I have created the target table in my database. It is accessible and visible in Matillion IDE.

The adjusted component I am to use is 'Azure Blob Storage Load'. According to the documentation, I will need:

For Snowflake on Azure: Create a Stage in Snowflake:

You should create a Stage in Snowflake which will be pointing to the public data we provide. Please, find below the .json file containing the job that will help you to do this. Don't forget to change the SQL Script for pointing to your own schema

After Creating the Stage in Snowflake:

You should use the 'Create Table' and the 'Azure Blob Storage Load' components individually as the 'Azure Blob Load Generator' won't let you to select the Stage previously created. We have attached below the Create Table metadata to save you some time.

'Azure Blob Storage Load' Settings:

Stage: onlinemtlntrainingazure_flights Pattern: training_azure_flights_2016.gz Target Table: training_flights Record Delimiter: 0x0a Skip Header: 1

The source data on Azure is located here:

Azure Blob Container (with flights data)

https://onlinemtlntrainingazure.blob.core.windows.net/online-mtln-training-azure-flights/training_azure_flights_2016.gz

https://onlinemtlntrainingazure.blob.core.windows.net/online-mtln-training-azure-flights/training_azure_flights_2017.gz

https://onlinemtlntrainingazure.blob.core.windows.net/online-mtln-training-azure-flights/training_azure_flights_2018.gz

Unfortunately, when using these settings on the 'Azure Blob Storage Load' component, it complains.

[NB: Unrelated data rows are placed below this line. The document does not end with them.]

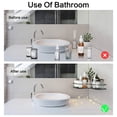 thumbnail image 6 of Bath Rack, Adhesive Corner Bathroom Shelf Storage Wall Mounted Shower Caddy Shelf Organizer for Kitchen Toilet No Drilling, 6 of 7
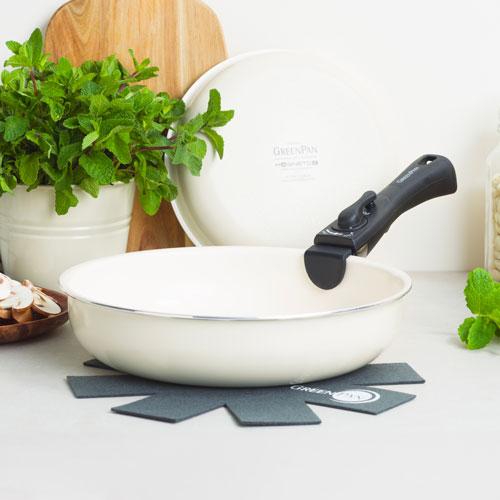 グリーンパン クリックシェフ 4点セット クリームホワイト フライパン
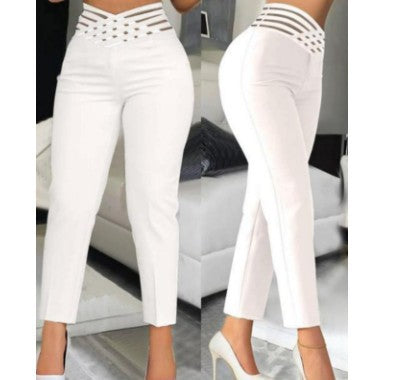 Damen Hochbundhose mit dekorativem Einsatz R&B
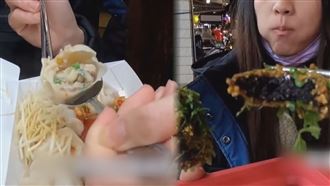 內湖737美食　特長豬血糕香菜加爆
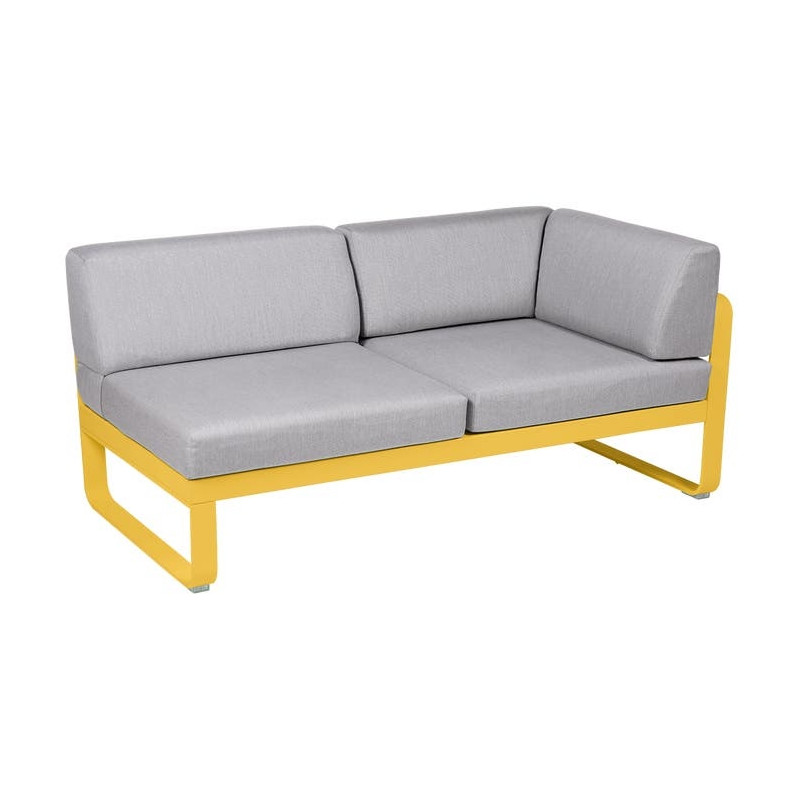 Module d'angle Droit 2 Places Bellevie gris flanelle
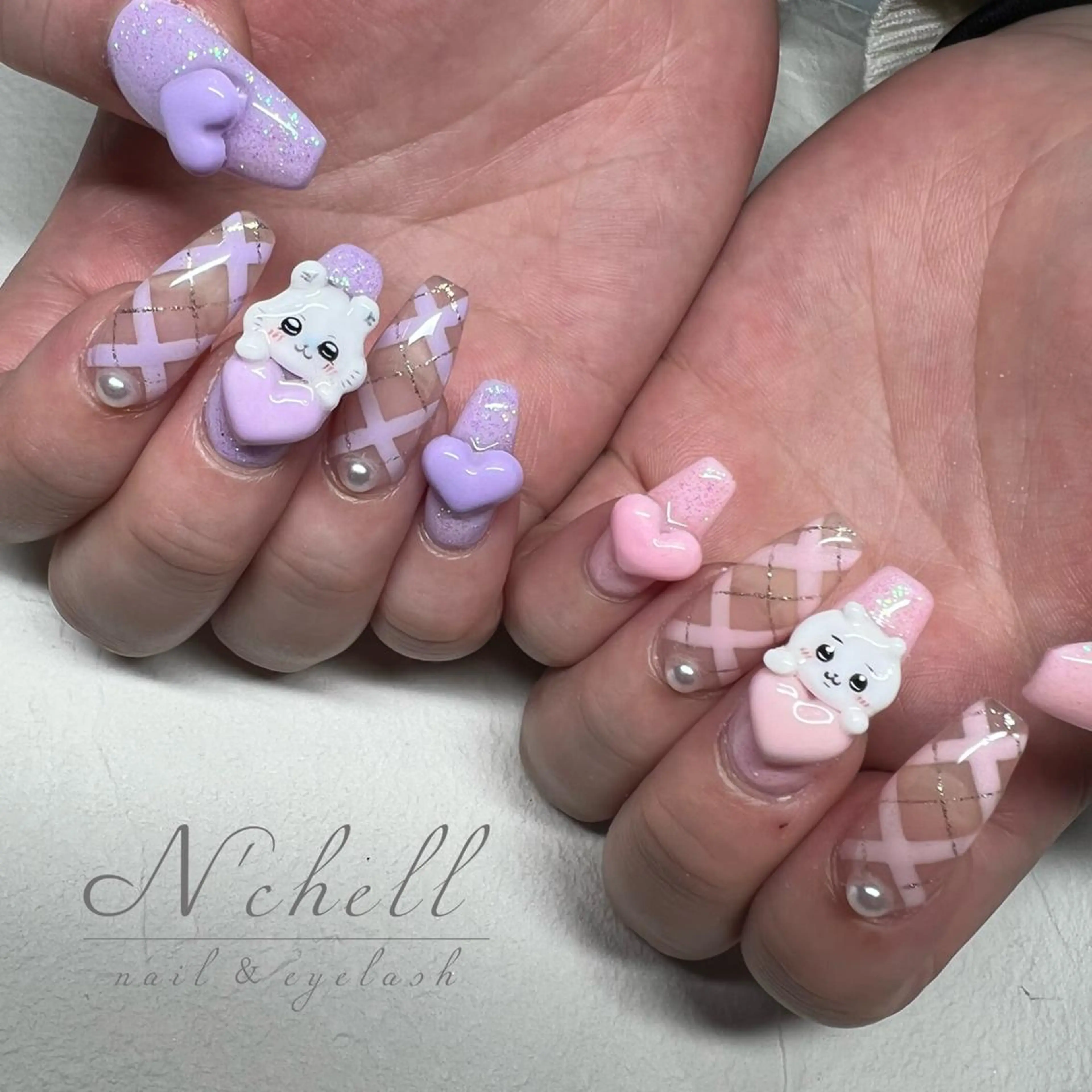 ネイル 持ち込み ハンドネイル Nailist Aoiのネイルデザイン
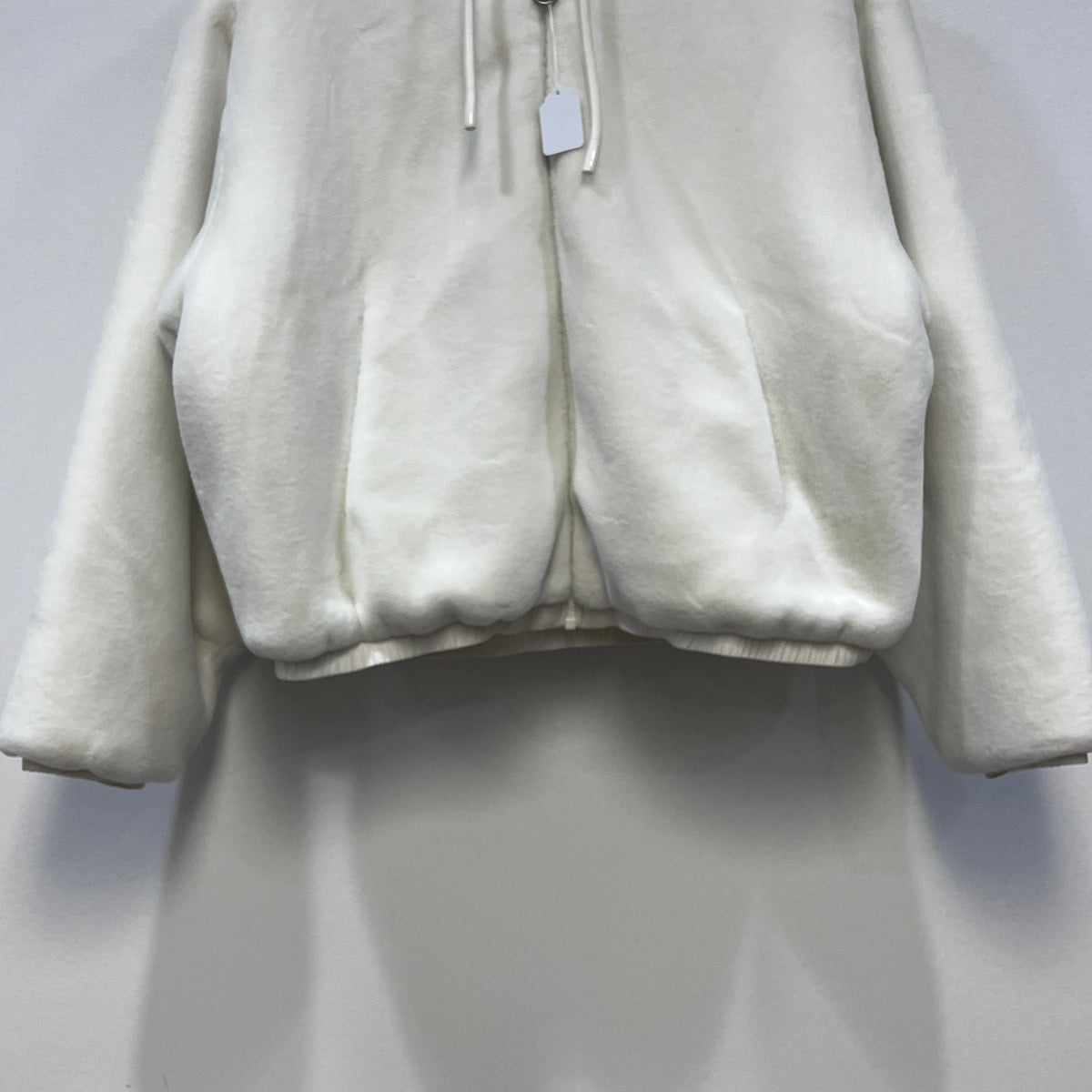 Moose Knuckles  White Hooded Zip Quilted Jacket Size M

  • the stage does not appear in the list, and manually inputting the stage name yields an error (unrecognised option). prefixing the stage name with my schema (and even database) does not help.
  • azure storage location property does not accept the https://... URI to the data files. When I replace the 'https' by 'azure', or remove the part after the last '/' it complains with 'Unable to find an account with name: [onlinemtlntrainingazure]'
  • using [Custom] for stage property removes the error message, but when running the component, it comes back again with the 'Unable to find account'.

Any thoughts?

Edit: I found a workaround by using the Data Transfer Object, which first copies the files from the public https location to my own Azure blob location and then I process it further from there. But I would like to know how to do it as suggested in the training, and why it now fails.


Solution

  • The example files are in a storage account that your Azure Blob Storage Load Generator can not read from. But instead of using a Snowflake Stage, you might find it easier to just copy the files into a storage account that you do own, and then use the Azure Blob Storage Load Generator on the copied files.

    In a Matillion ETL instance on Azure, you can access files over https and copy them into your own storage account using a Data Transfer component. enter image description here

    You already have the https:// source URLs for the three files, so:

    • Set the source type to HTTPS (no username or password is needed)
    • Add the source URL
    • Set the target type to Azure Blob Storage
    • In the example I used two variables, with defaults set to my storage account and container name
    • Repeat for all three files

    After running the Data Transfer three times, you will then be able to proceed with the Azure Blob Storage Load Generator, reading from your own copies of the files.